With retail inflation inching up contrary to expectations of downward movement, it is time to keep to eye on onion prices which may increase further by 10-15 per cent in the rainy season, according to an ASSOCHAM paper.
While onion is selling at Rs 1800-2500 per quintal in different wholesale mandis, the retail vendors are charging upward of Rs 30-Rs 35 per kg, Assocham said.
“Any rise from this level will exert pressure on the consumer price index inflation. The onion, being an essential item, evokes sharp reactions from the households and even the political parties. Thus, there is a need for being watchful,” ASSOCHAM Secretary General Mr D S Rawat said while releasing the paper.
Onion prices have been the subject of much manipulation and cartelization in India. Many operators have come together to buy up onions in the past and create artificial scarcities to drive prices higher.

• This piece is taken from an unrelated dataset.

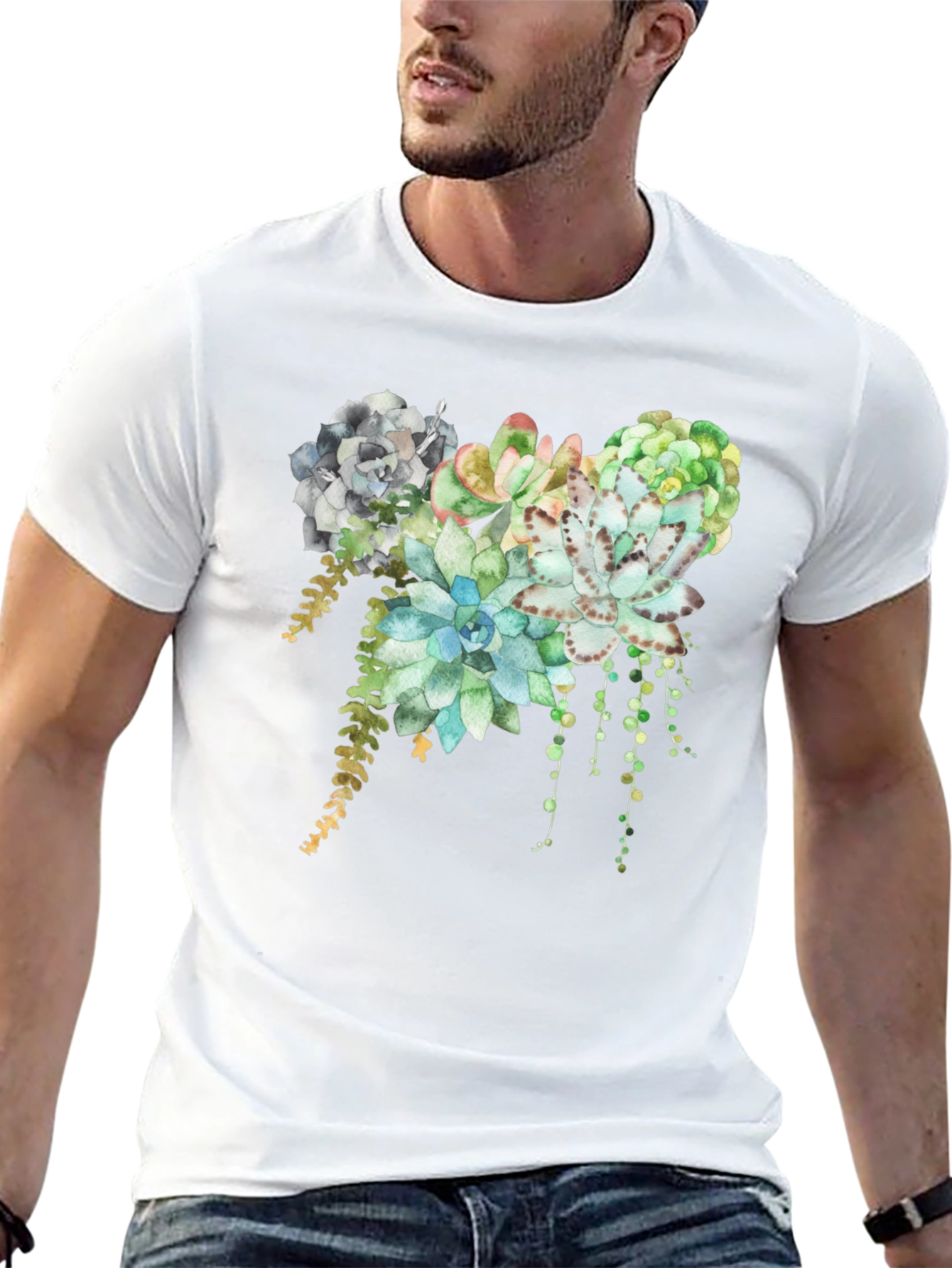 Succulent Print T-Shirt - Stylish Botanical Design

Apart from the harvest losses, a significant part of production is lost in post-harvest storage and exposure. Hence, proper aerated storage is essential for maintaining the commodity till it reaches the consumers and other bulk users.

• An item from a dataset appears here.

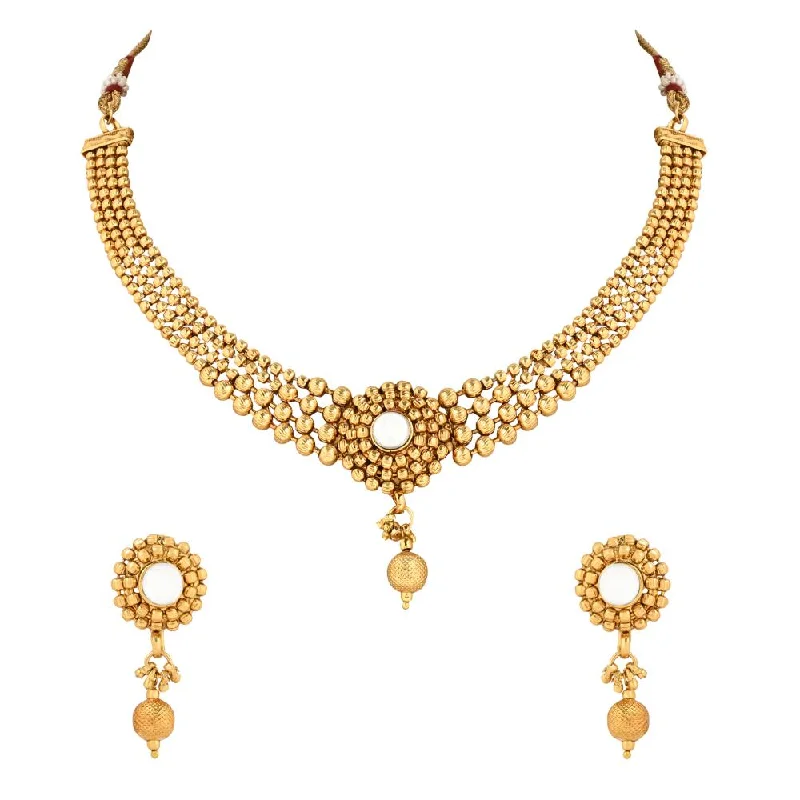 Old style necklaces-Etnico Gold Plated Traditional Style Choker Necklace Jewellery Set for Women/Girls (MC101W)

Maharashtra, Madhya Pradesh, Karnataka and Gujarat contribute over two thirds of all India onion production, with Maharashtra alone accounting for about 30% of India’s production, adds the study.

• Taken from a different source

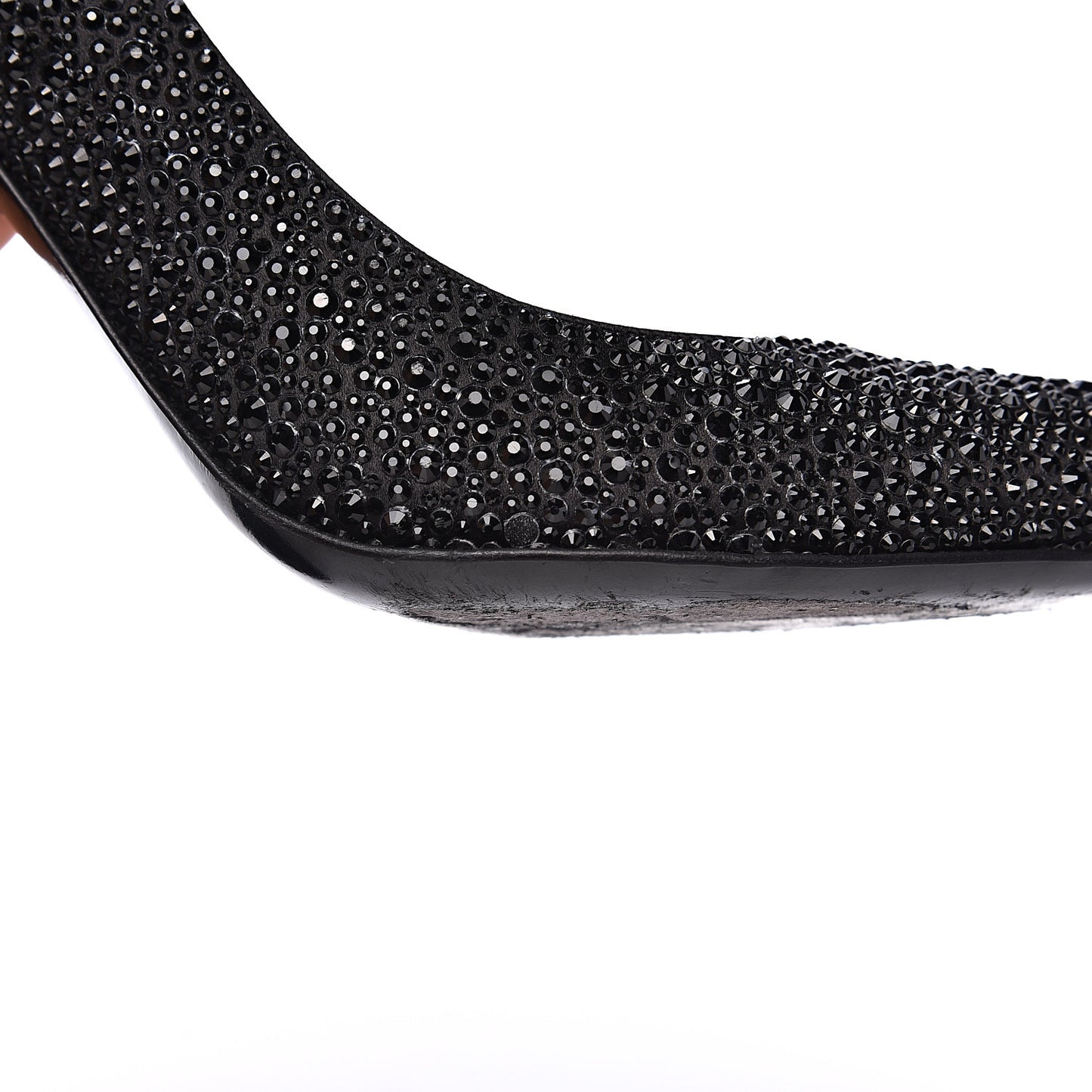 Satin Crystal Pumps 39.5 Black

The monthly consumption of onions in India ranges from 8 lakh MT to 12 lakh MT depending on season and prices. Thus assuming an average consumption of one million MT per month, annual consumption of onions on all India basis is around 12 million MT. Considering storage and handling losses, the annual domestic requirement of onions at nearly 14 million MT.
India accounts for over 50% of the import share in Malaysia, Bangladesh, Sri Lanka, Indonesia, Nepal, Kuwait, Oman and Qatar, besides regular exports to U.A.E., Saudi Arabia, Singapore and Vietnam. Thus India leads in onion exports in the Asian continent. Small quantities of value added onion products viz. onion powder and onion flakes are also exported, noted the study.
ASSOCHAM has suggested timely and realistic assessment of crop and a reliable estimate of consumption requirement state-wise with proper understanding of peak demand period/month and volumes is a pre-requisite for prudent handling of the developing situation in onions.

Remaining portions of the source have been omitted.